C/Haskell source code that seamlessly invokes native and foreign

functions in the same module. No FFI required.

The joys of programming with foreign code

Imagine that you just found a C library that you wish to use for your project. The standard workflow is to,

check Hackage if a package with a set of bindings for that library exists,
if one does, program against that, or
if it doesn't, write your own bindings package, using Haskell's FFI.

Writing and maintaining bindings for large C libraries is

hard work. The libraries are constantly updated upstream, so that

the bindings you find are invariably out-of-date, providing only

partial coverage of library's API, sometimes don't compile cleanly

against the latest upstream version of the C library or need

convoluted and error-prone conditional compilation directives to

support multiple versions of the API in the package. Which is a

shame, because typically you only need to perform a very specific

task using some C library, using only a minute proportion of its

API. It can be frustrating for a bindings package to fail to

install, only because the binding for some function that you'll

never use doesn't match up with the header files of the library

version you happen to have installed on your system.
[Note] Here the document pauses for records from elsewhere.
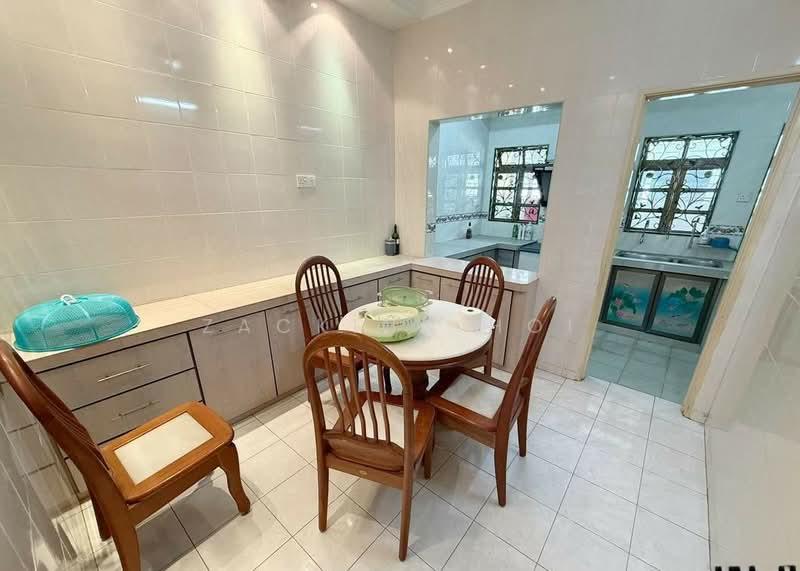 Value Buy Renovated & Kitchen Extended 2 Sty Bandar Botanic Klang - 2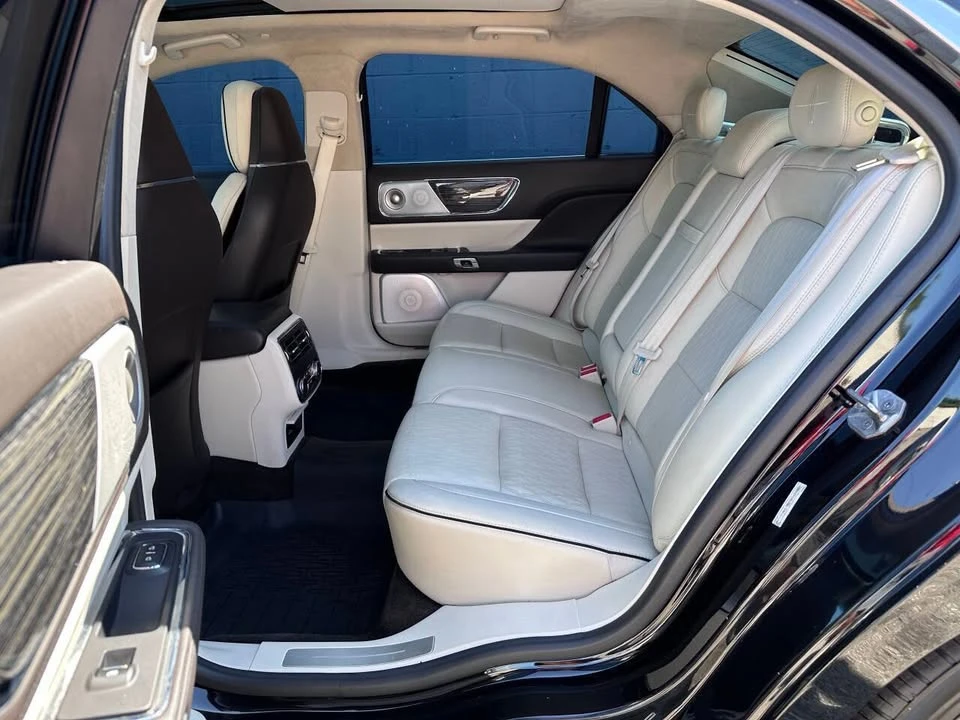 2017 Lincoln Continental 10th Gen - Image 14 of 20
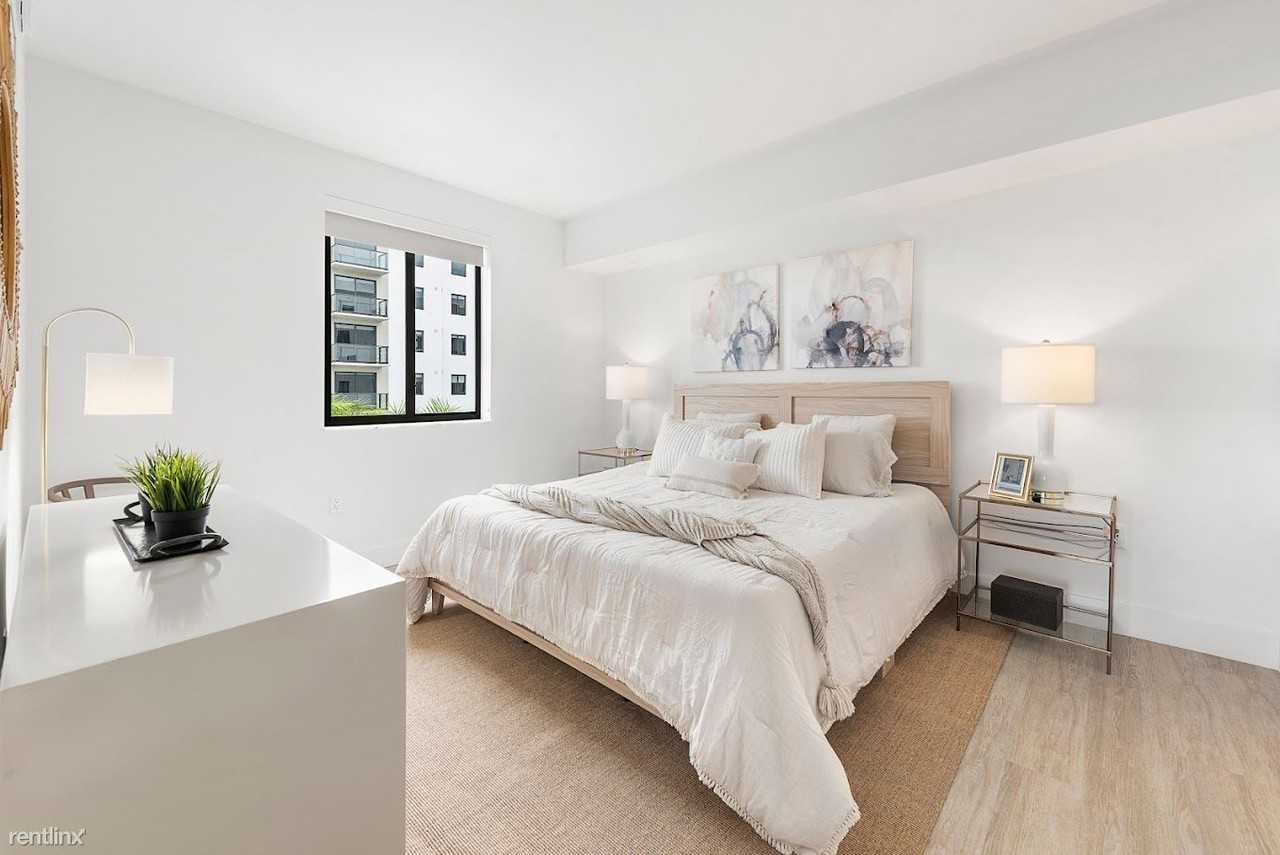 2200 Sole Mia Square Ln - Photo 3 of 11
This is especially true for large libraries that expose sets of

related but orthogonal and indepedently useful functions, such as

GTK+, OpenCV or numerical libraries such as the GNU Scientific

Library (GSL), NAG and IMSL. inline-c lets you call

functions from these libraries using the full power of C's syntax,

directly from client code, without the need for monolithic bindings

packages. High-level bindings (or "wrappers") may still be useful

to wrap low-level details into an idiomatic Haskell interface, but

inline-c enables rapid prototyping and iterative

development of code that uses directly some of the C library today,

keeping for later the task of abstracting calls into a high-level,

type safe wrapper as needed. In short, inline-c let's you "pay as you go" when programming foreign code.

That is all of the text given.